Rodrigo Trapp, Psychologist graduated from the Federal University of Rio Grande do Sul (UFRGS). Master and PhD student in Psychology from UFRGS. Has advanced training in Individual and Group Schema Therapy by the Schema Therapy Institute Midwest (ISST-STIM-INDY). He also completed postgraduate courses in Cognitive Therapies and Cognitive-Behavioral Therapy. In addition, he is a member of the Center for Studies in Psychopathology and Psychological Evaluation (NEAPP-UFRGS) and a collaborator of the Mood Disorders Program of the Hospital de Clínicas de Porto Alegre (PROTHUM). Full Member of the International Society of Schema Therapy
THE IMPACT OF UNMET EMOTIONAL NEEDS ON USERS OF PSYCHOACTIVE SUBSTANCES: ABUSES AND TRAUMAS IN THE CURRENT WELL-BEING
Introduction: The Schema Therapy (ST), recognizing the universal basic emotional needs that permeate all individuals, including security, stability, care and acceptance, autonomy, competence and identity, highlights the importance of these whose intensity varies for each person.

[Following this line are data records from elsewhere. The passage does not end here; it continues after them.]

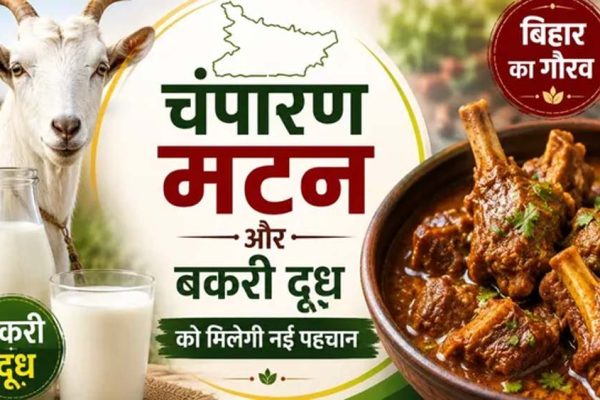 चंपारण मटन और बकरी दूध को मिलेगी नई पहचान, GI टैग की तैयारी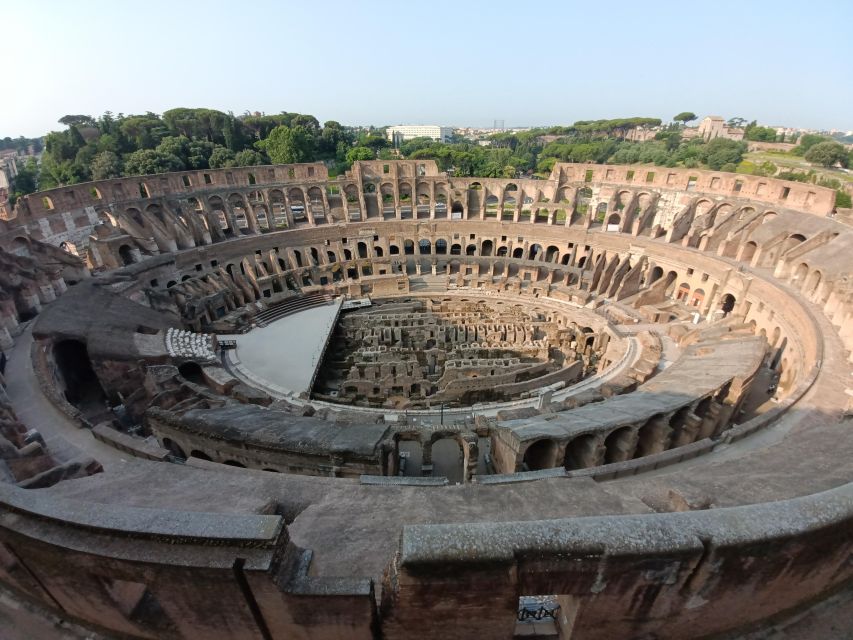 Rome: Colosseum, Palatine Hill, & Roman Forum Walking Tour - Key points to know before booking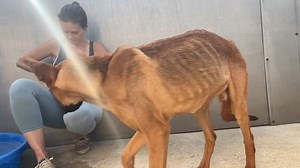 9.1K views · 499 reactions | Heartbreaking! Toucan Sam was so frail...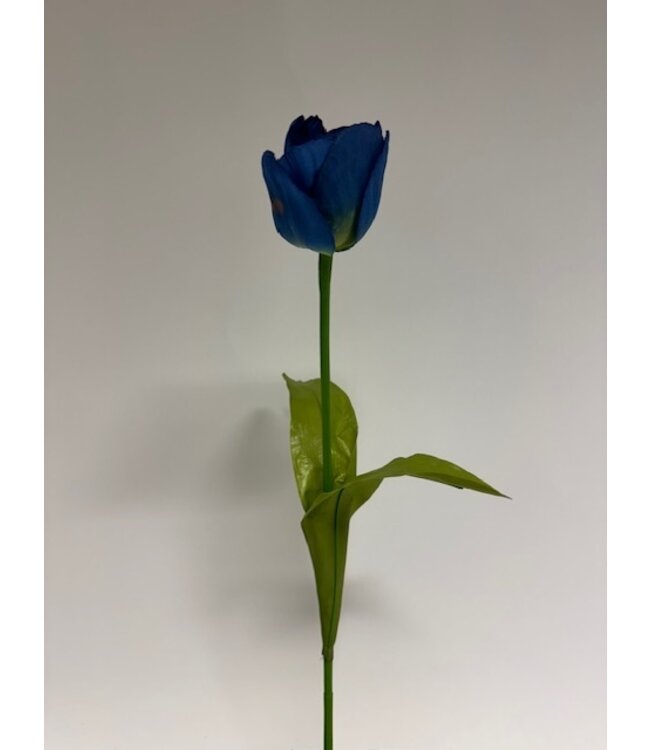 tulp | blauw | 53 centimeter | Per stuk te bestellen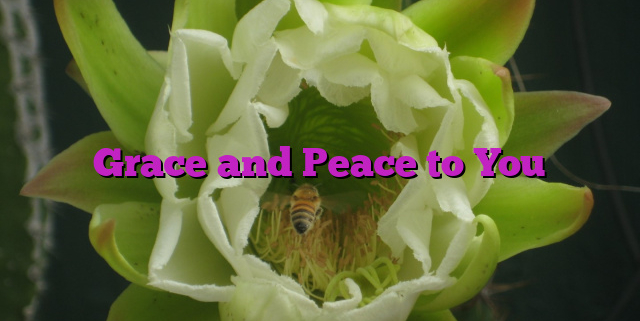 Grace and Peace to You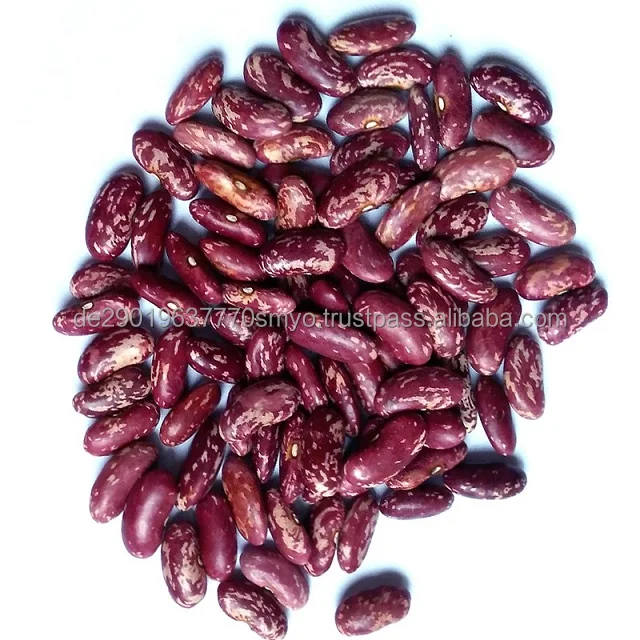 red-kidney-beans-10.jpg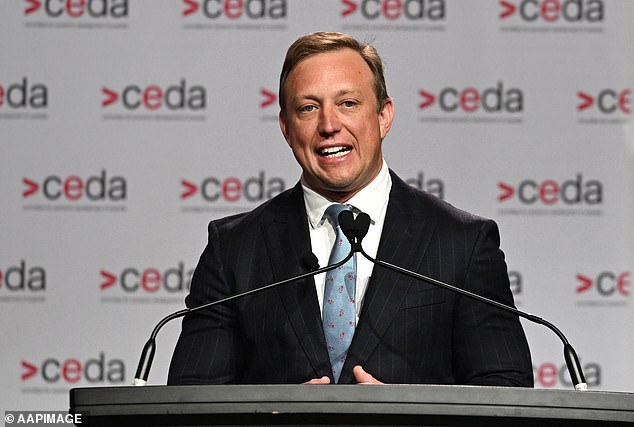 Queensland Premier Steven Miles (pictured) has announced that if he wins the state election in October he will open 12 state-owned petrol stations across Queensland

Unmet emotional needs in individuals with Substance Use Disorder (SUD) represent a significant vulnerability to substance use and may impair treatment adherence. These needs, based mainly on childhood, play a central role in moments of vulnerability and exert a significant influence on psychological health. Deepening the understanding of the relationship between unmet emotional experiences such as trauma and abuse, the use of psychoactive substances and current well-being is fundamental to provide effective support and intervention strategies, thus contributing to the well-being be global of individuals. In addition, ST aims to help adults meet their own needs, even if they have not been met in the past.

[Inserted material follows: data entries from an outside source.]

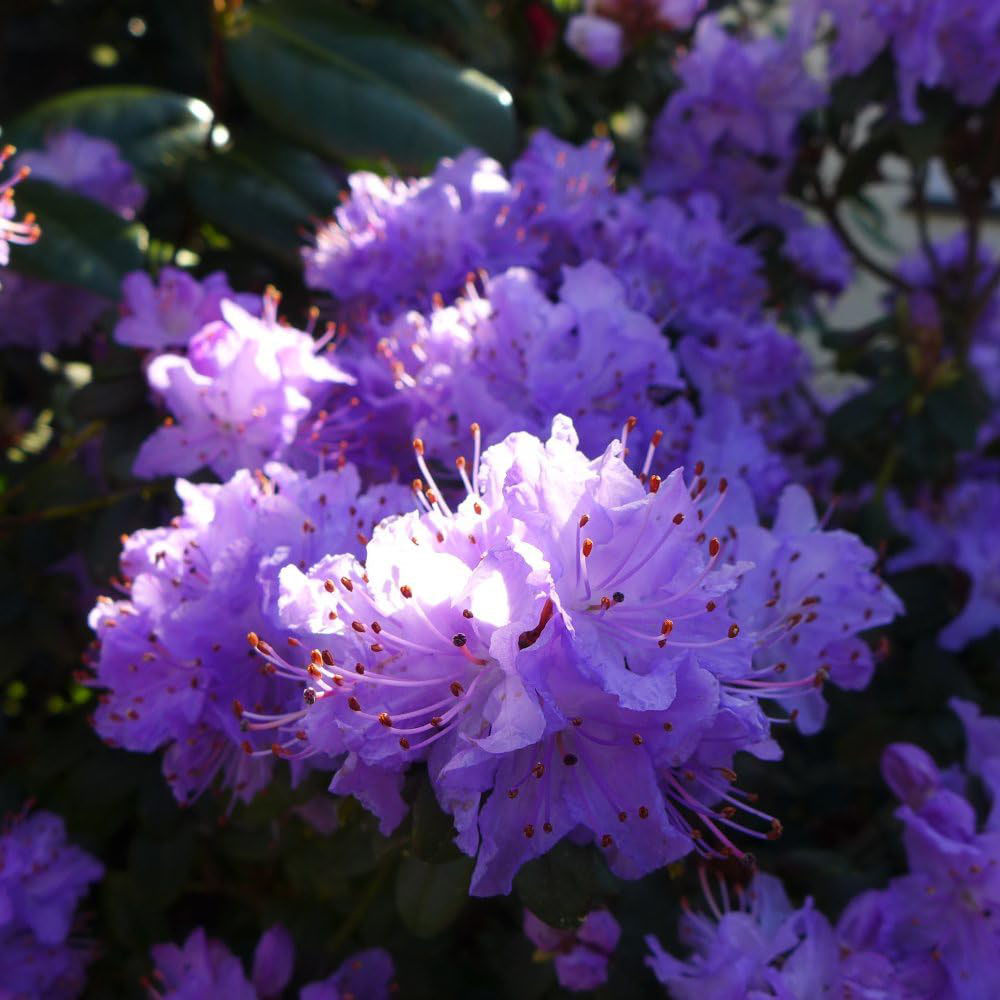 Thompson and Morgan Rhododendron Dwarf Blue Plant Pot 2L Image 4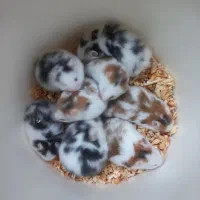 همستر نژادپشمالودست اموز رام|موش و خرگوش|رشت, استقامت ۲|دیوار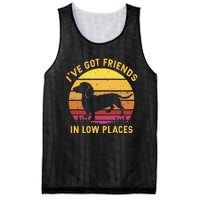 I've got friends in low places funny dachshund apparel Mesh Reversible Basketball Jersey Tank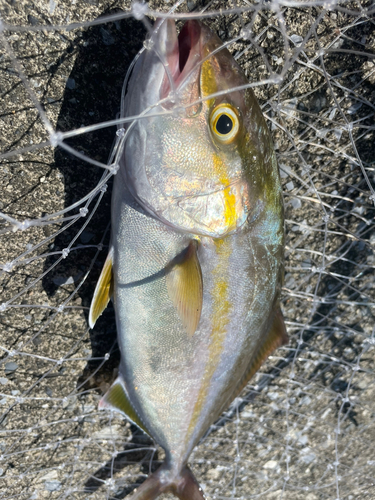 カンパチの釣果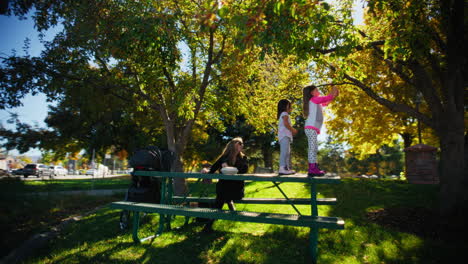 picnic familiar en el parque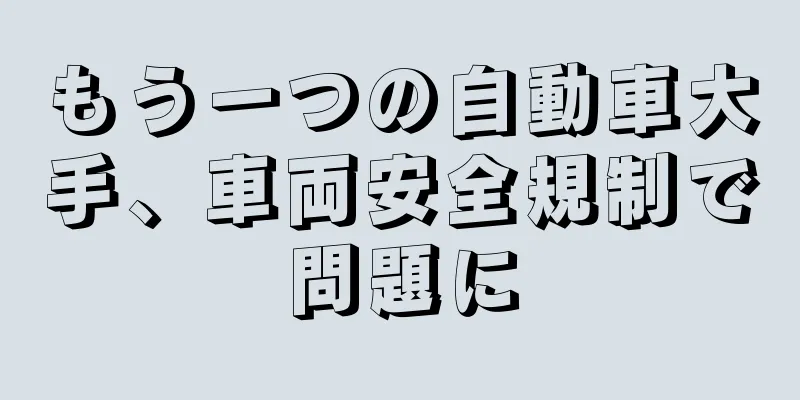もう一つの自動車大手、車両安全規制で問題に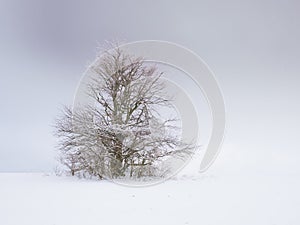 Isolated solitary tree surrounded by mysterious gloomy landscape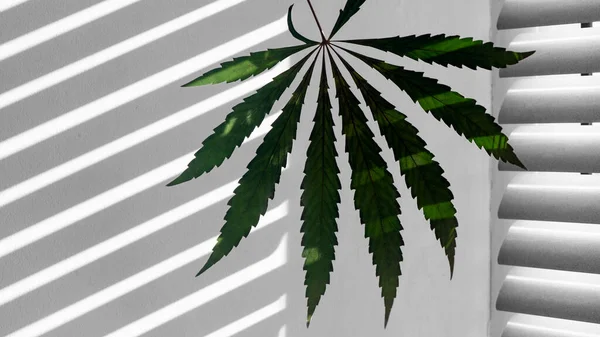 Cannabisblatt Auf Weißem Hintergrund Reflexion Von Jalousien Einer Weißen Wand — Stockfoto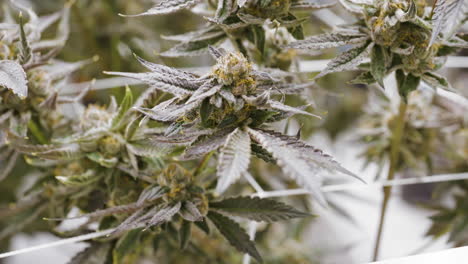 Detail-shot-of-cannabis-hemp-plants-in-a-indoor-growing-Greenhouse,-California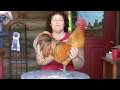 Becky's Homestead 25: All About Chickens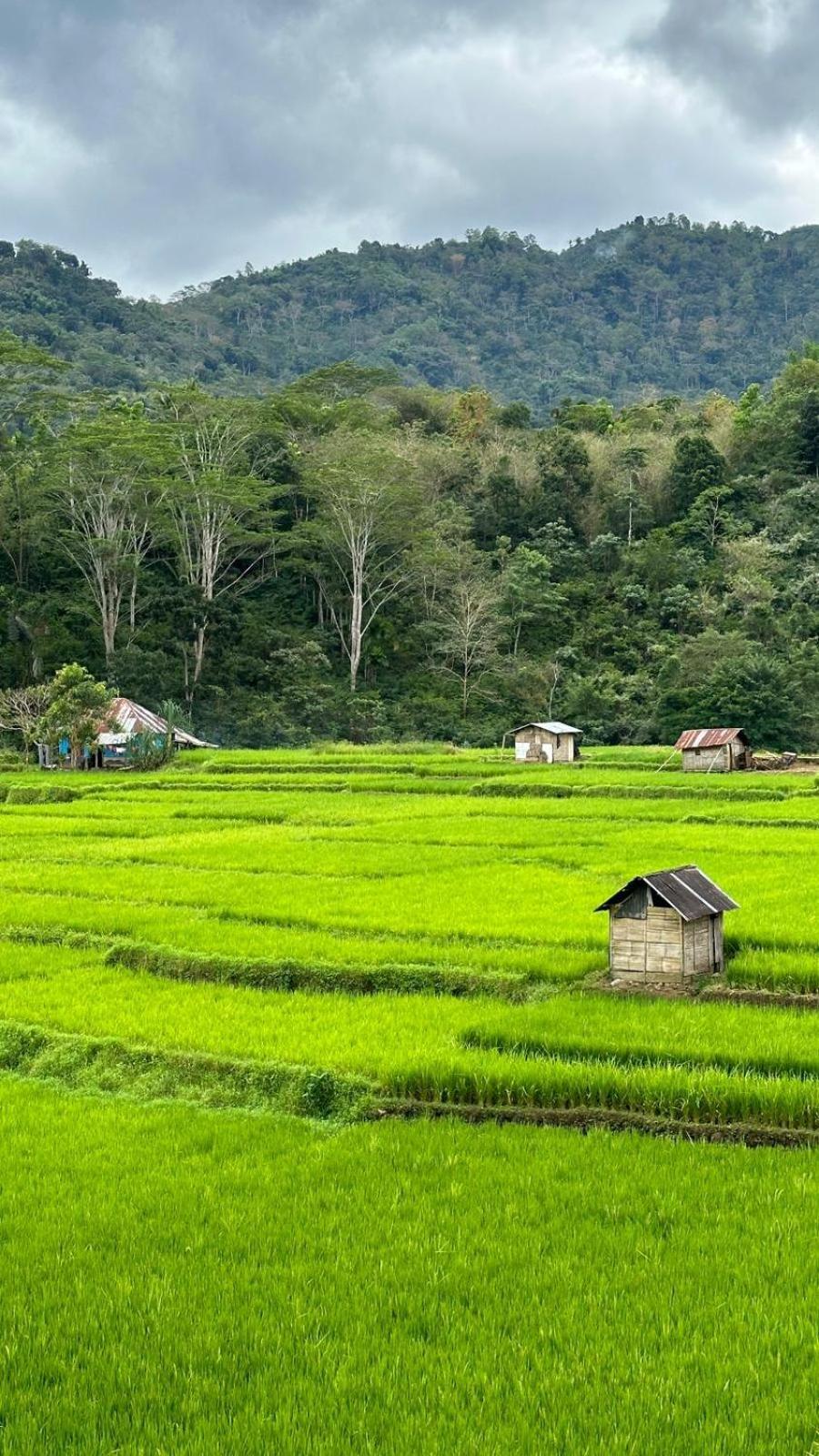 Petra Homestay Bangka Leda Ruteng Luaran gambar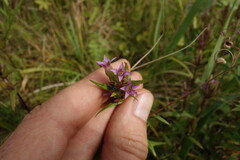 Gentianella amarella acuta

Aim: To deepen the understanding of the relationship between unmet emotional experiences, such as trauma and abuse, use of psychoactive substances and current well-being.
Sample: Data from 2.155 users of multiple substances of the Álvaro Alvim Unit (HCPA) in the RGS/Brazil and CAPSad of six Brazilian states between 2011 and 2022 were analyzed, and the final sample consisted of 1.560 individuals. The ASI-6 scale was used a multidimensional semi-structured interview that analyzed the influence of substance consumption on participants’ lives in seven areas of operation.

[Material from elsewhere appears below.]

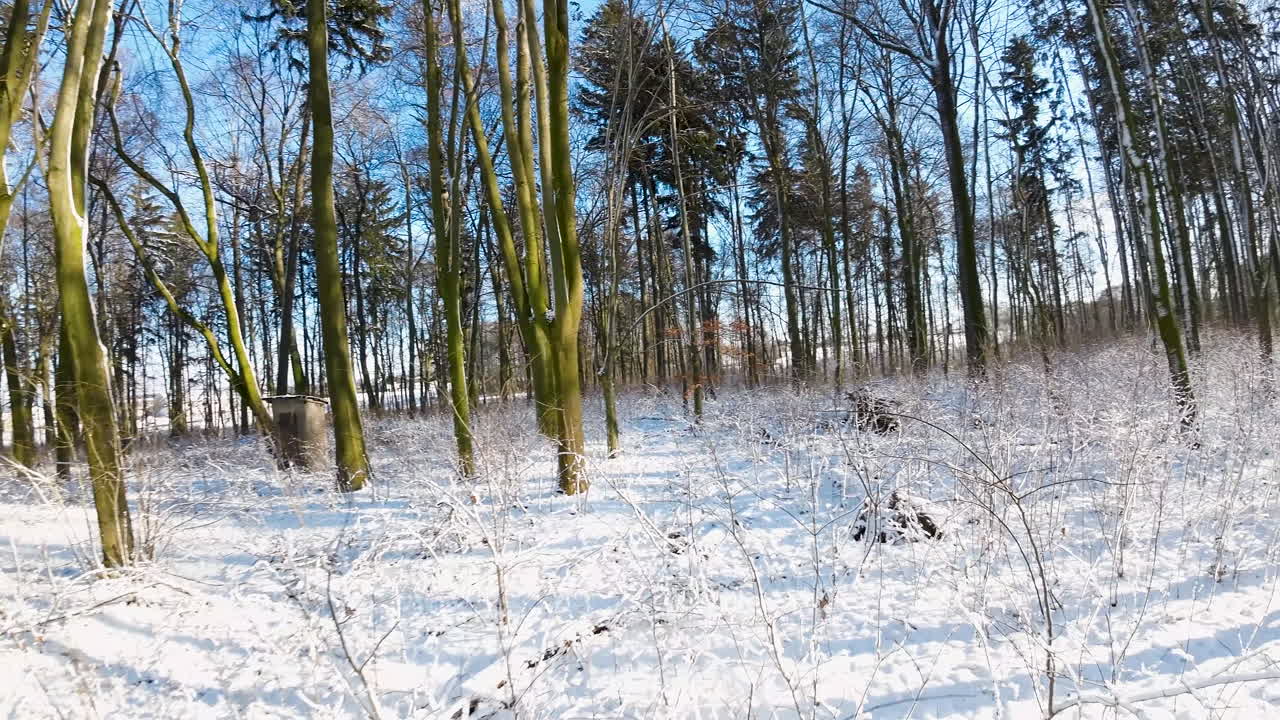 Lento volo aereo in FPV tra gli alberi in una fredda giornata invernale di sole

Method: Association test of the linear-by-linear chi-square between the Impact on Current well-being and trauma.
Results: The analysis of the results showed an important and statistically significant association between different types of traumatic experiences and the impact on the current well-being of participants with SUD. Those who reported “Nothing” of impact on current well-being had notably lower percentages of association with various types of trauma: physical abuse (42.6%), sexual abuse (8.2%), having been a victim of beating or aggression (35.5%), life risk (51.6%) testimony of severe violence (65.9%). In contrast, participants who described their impact on current well-being as “Extremely” showed significantly higher associations with these traumatic experiences: physical abuse (66.7%), sexual abuse (21.0%), victimization in violent crimes (58.1%) risk of life (63.9%), and testimony of severe violence (86.0%). All these associations were statistically significant with p < 0.001 values, highlighting the adverse influence of these traumatic events on the current well-being of the participants.
Conclusion: Statistical analysis revealed a significant link between different traumatic experiences and the impact on the current well-being of individuals with TUS. Those who reported no impact on well-being had lower associations with trauma, while those who described an extremely negative impact had higher associations. This highlights the importance of addressing trauma in treating individuals with SUD to improve their well-being. This knowledge is critical to promoting mental health and the development of the healthy adult mode, including the adoption of more adaptive thoughts and behaviors, as well as the development of skills necessary for adult life. This underscores the importance of intervention programs that recognize and meet the specific needs of these individuals.